The US is withdrawing from Afghanistan after suffering “crushing defeat” in its longest war.

By Syed Zafar Mehdi

 

After 20 long years of costly and futile military adventurism, Americans are retreating from war-ravaged Afghanistan, the ‘graveyard of empires’, as the Taliban make rapid gains across the country.

Militaristic meddling in developing nations – or in other words ‘foreign military invasions’ – has been a defining feature of American foreign policy from the late 1940s.

Vietnam, Guatemala, El Salvador, Panama, Cuba, Nicaragua, Congo, Haiti, Grenada, Greece, Cambodia, Iraq, Syria, Yemen, Afghanistan et cetera – the marauding US mercenaries have left a trail of destruction and death in virtually every corner of the world.

As American author Noam Chomsky writes in ‘Western State Terrorism’, “The guiding principle, it appears, is that the US is a lawless terrorist state and this is right and just, whatever the world may think, whatever the international institutions may declare.”

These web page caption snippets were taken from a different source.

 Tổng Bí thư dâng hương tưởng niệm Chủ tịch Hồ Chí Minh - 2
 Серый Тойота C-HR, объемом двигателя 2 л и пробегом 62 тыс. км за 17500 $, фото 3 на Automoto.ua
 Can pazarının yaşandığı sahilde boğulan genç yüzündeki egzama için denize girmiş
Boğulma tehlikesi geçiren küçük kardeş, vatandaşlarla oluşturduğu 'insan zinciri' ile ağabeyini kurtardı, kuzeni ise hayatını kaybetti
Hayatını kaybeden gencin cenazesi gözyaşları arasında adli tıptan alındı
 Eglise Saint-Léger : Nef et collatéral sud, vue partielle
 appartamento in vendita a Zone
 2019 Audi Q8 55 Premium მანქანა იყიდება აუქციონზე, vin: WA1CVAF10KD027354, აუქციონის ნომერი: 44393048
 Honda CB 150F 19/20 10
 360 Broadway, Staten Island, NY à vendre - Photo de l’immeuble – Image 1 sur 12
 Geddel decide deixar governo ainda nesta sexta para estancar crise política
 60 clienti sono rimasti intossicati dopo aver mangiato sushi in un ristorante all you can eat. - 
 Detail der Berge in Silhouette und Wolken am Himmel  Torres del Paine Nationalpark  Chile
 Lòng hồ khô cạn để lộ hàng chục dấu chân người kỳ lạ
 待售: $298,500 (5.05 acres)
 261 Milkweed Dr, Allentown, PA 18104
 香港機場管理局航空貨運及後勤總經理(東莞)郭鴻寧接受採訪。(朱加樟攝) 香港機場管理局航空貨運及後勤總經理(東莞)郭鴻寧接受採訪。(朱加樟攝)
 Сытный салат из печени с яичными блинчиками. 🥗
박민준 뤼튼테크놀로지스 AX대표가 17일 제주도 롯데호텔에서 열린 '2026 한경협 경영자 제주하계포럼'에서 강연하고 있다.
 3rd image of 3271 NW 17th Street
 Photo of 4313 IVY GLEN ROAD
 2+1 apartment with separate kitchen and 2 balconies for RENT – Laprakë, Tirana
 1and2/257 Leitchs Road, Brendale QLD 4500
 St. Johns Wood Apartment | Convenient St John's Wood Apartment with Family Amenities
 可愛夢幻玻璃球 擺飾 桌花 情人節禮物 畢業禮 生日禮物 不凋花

That the US miserably lost the plot in Afghanistan is no secret, but to come back after 20 years of bloody mayhem and say there is no ‘military solution’ to the protracted crisis is an affront to humanity.

To understand reasons behind America’s crushing defeat in its longest war, it’s imperative to wind back to 2001, after the cataclysmic events of 9/11.

A few weeks after the attacks, George Bush administration launched the so-called ‘global war on terror’. Afghanistan, ruled then by the Taliban, was chosen as the first battleground.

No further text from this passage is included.